The concept of the market can bring us varied visual images, from the frequent purchase of our family basket in supermarkets to the economic indicators we see in the news or on our cell phone feed. But the topic is much broader than we can imagine. We usually encounter simple market acts such as the direct exchange of goods or services, the exchange of favors, and we could even consider the act of giving as an exchange where one expects to receive a good in the future, or rather, one pays in debt (physical or not).

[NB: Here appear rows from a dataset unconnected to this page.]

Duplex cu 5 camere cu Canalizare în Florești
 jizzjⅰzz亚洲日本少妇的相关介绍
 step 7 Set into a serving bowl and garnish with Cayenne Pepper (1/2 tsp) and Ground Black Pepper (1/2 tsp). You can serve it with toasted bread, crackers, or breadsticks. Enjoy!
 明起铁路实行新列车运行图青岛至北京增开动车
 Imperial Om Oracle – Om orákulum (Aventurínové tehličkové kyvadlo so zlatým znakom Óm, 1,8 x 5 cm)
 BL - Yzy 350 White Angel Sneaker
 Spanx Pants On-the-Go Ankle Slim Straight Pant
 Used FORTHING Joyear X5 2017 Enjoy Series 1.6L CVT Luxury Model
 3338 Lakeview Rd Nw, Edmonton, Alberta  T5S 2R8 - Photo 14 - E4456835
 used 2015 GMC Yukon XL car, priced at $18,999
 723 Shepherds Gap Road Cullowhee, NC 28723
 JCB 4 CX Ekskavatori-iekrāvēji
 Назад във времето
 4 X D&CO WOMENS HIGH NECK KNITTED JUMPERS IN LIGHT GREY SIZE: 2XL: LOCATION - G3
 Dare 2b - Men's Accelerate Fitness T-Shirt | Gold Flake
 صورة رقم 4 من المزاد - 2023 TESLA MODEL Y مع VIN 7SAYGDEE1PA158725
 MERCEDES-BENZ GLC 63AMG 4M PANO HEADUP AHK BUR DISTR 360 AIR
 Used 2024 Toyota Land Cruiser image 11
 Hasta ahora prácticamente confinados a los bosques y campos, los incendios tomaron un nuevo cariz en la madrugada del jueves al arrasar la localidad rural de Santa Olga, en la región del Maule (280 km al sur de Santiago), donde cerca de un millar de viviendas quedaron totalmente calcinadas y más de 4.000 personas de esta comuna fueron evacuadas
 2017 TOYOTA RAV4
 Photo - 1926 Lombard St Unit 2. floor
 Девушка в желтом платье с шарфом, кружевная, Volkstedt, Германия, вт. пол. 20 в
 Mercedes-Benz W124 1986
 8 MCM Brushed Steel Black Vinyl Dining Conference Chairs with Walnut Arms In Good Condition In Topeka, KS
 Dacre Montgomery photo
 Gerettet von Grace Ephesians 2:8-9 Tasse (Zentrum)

Exchange is a fundamental part of human nature, and in groups of people, we have optimized it over time by introducing a component that decouples and facilitates transactions: money. Exchange media seek to measure the value of exchange objects. It becomes much easier to establish standards such as the amount of gold coins equivalent to 10 apples, avoiding the cumbersome task of finding direct equivalences between cows and pears. Of course, the exchange medium must be widely accepted in a social structure to effectively fulfill its purpose. If it loses its stability over time, we could even revert to bartering, as has happened in certain areas of Venezuela.


There are many types of markets, but these are not just all those common exchanges in which we participate every day, from buying shoes, selling candies or bracelets at school, or even that debt we acquire when wanting to buy our new apartment or iPhone (debt market, by the way). We will focus on financial markets, where we exchange all types of intangibles, mainly for investment, hedging, or speculative purposes.


The forex market is like a marketplace for exchanging media! Many of us participate in this market, whether it’s exchanging our currency for dollars at the exchange house or entire nations increasing their reserves in dollars. The foreign exchange or forex market is one of the largest decentralized markets in the world, and we might be more familiar with it in our day-to-day life. (We can usually see our currency compared to the dollar, for example.)


Central banks and other financial institutions (hedge funds, pension funds, investment firms…) are typically the main participants in the forex market. They move the seas of these markets according to factors such as national monetary policies, political stability, and economic dynamics. As I mentioned, it’s a decentralized market, and there isn’t a single entity regulating all the transactions carried out in forex. There’s no central exchange where we can see all buy or sell orders or the flow of trades. A good portion of forex transactions is done over the counter (OTC), which basically involves two participants agreeing on the terms of their transaction. We’ll see specialized dealers in these types of exchanges, and decentralized networks form in the forex market to carry out their transactions.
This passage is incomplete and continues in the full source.